Academic journal article Social Justice

Defenders of the Canon: What's Behind the Attack on Multiculturalism

Academic journal article Social Justice

Defenders of the Canon: What's Behind the Attack on Multiculturalism

Article excerpt

Canon: religious origin, body of church law and standards; a list of books of the bible or saints accepted by the church as official.

Cannon: a large piece of mounted artillery.

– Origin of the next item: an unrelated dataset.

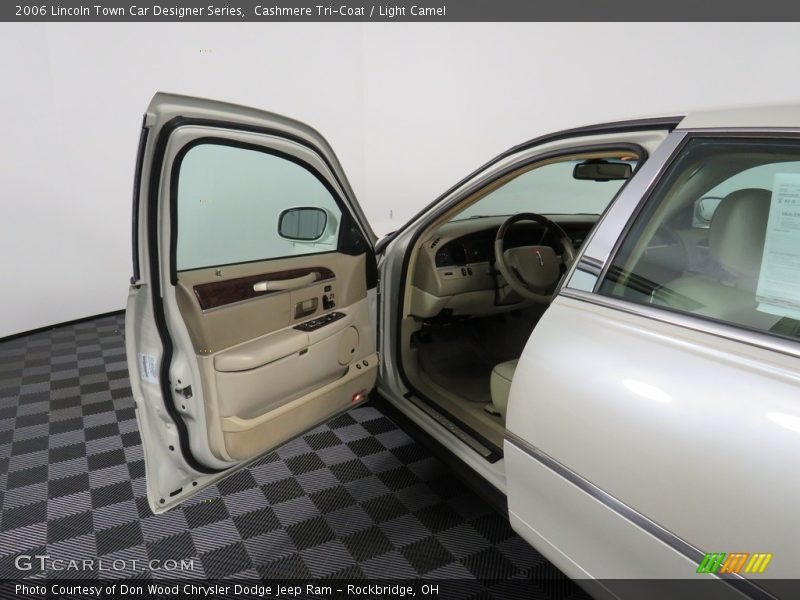 Cashmere Tri-Coat / Light Camel 2006 Lincoln Town Car Designer Series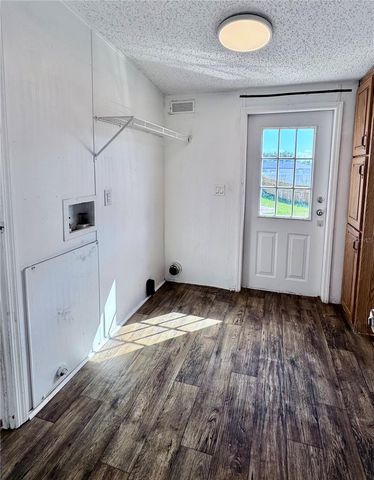 4300 MEADOW RIDGE AVENUE, Mulberry, FL 33860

Now if I were a teacher,... I would teach [a child] that he is living, at

the moment, in an enormous province. America is not the world and

if America is going to become a nation, she must find a way -- and

this child must help her find a way -- to use the tremendous potential

and tremendous energy which this child represents (Baldwin, 1988:

11, 12).

This is the American moment in world history, the one for which we

shall forever be judged. Just as in politics the responsibility for the

fate of freedom in the world has devolved upon our regime, so the

fate of philosophy in the world has devolved upon our universities,

and the two are related as never before (Bloom, 1988: 382).


IT SEEMS PERVERSE AND CRUEL THAT THE ATTACK ON MULTICULTURALISM, academic radicalism, and "political correctness" is talking place at a time when multicultural education has made such minimal progress, when academic radicalism exists only in the margins of university life, and when "politically correct" thinking (associated in particular with Marxism and socialism) is in greater worldwide disarray than at any other time this century. In this essay I propose to take a serious look at this contradiction and offer some possible explanations.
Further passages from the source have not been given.